Its not so much than Xanpan has any new radical ideas in it, its more than it is a synthesis of ideas from several Agile methods plus my own. It contains a fair chunk of what I would call “product management ideas”.
Xanpan is a little more than that, in takes from Scrum as well as XP, and from Lean as well as Kanban, plus there are other ideas in too.
I’ll write more about Xanpan in future but for now here are the essential features, and where it steals them from. A little rough and ready but I wanted to share this and get some feedback.
From Extreme Programming: The technical practices
- Test Driven Development plus Automated Test Driven Development. If you want to adopt BDD then go right ahead
- Lightweight, near time code review, better still pair programming if developers are happy with it
- Continuous integration: with tests and static analysis tools as part of the build system
- Rough up front design: no up front design is wrong, but so too is design that takes weeks or months. If you need a design session it is probably part of the planning meeting with all the developers around the whiteboard for an hour or maybe two
- Refactoring to keep the code soft - its software, emphasis the soft
- Shared code ownership
- Minimise documentation, accept tacit knowledge as part of the development process.
- Velocity measurement and “yesterday’s weather” approach to deciding what to put in the next iteration
- Have a visual board to track progress
- Divide the board into columns which represent you process - probably more than just: Todo, In Progress and Done. Columns are usually come in pairs: a queue then a action which draws from the queue. Work to improve the flow and change the columns as you go
- Work in progress limits - usually on action queues, occasionally queues may be limited too
- Improvement comes from improving flow
- Minimise the time spent estimating, if possible abolish estimates and use statistically derived approximations, i.e. averages
- Cumulative flow charts
- Use iterations to establish a regular rhythm to the team
- Iterations start with closing the previous one: review work done, update statistics, conduct a retrospective. This is followed by a planning meeting: work is presented, estimated (if need be) and scheduled
- Stand-up meetings where appropriate
- Burn-down/up charts where appropriate
- User Stories are the default requirements capture tool although Use Cases, Planguage and more informal approaches are acceptable too. If using User Stories then do not use more than three levels of division
From Lean: Culture of improvement, Kaizen and Learning
- Retrospectives are not enough: Leaders should undertake personal reflection
- Rehearsal: Teams should undertake formal and informal training together; deliberate practice as Kevlin Henney and Jon Jagger like to say
- Team Coach: Each team should have a coach, different coaches may focus on different things so there may be more than one coach. Except in large teams (over 12 people) and in the early days of adoption the coach is usually not full time on a team. The team is there to help the team adopt practices, learn and reflect.

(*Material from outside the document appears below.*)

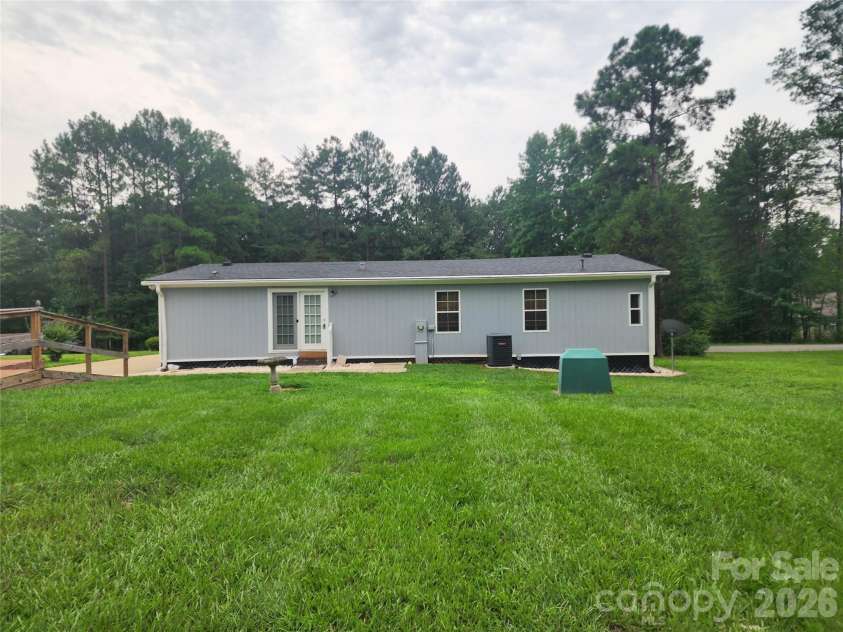 189 Brook Creek Drive, Troutman, NC 28166.  MLS# CAR4380851, YatesRealty ID 21359.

- Individuals have multiple skills and should all muck in, but there are specialists in some areas.
- Kanban’s stop the line quality control: sometimes it is appropriate, sometimes it isn’t. Keep regular retrospectives, part of your rhythm
- Scrum Master: teams will have a Manager or Project Managers, or may be lead by an non-commissioned manager, e.g. Team Leader, Technical Lead, or similar
- Anti-manager ethos: Management is part of the solution, not the problem. Unfortunately the quality of IT and development managers is general is poor; good management can be really powerful
- Matrix management
- Distributed teams, particularly teams in different timezones
Xanpan broadly follows the 10 Step Requirements Model but recognises this model is not broad enough to cope with all scenarios. No model ever will be.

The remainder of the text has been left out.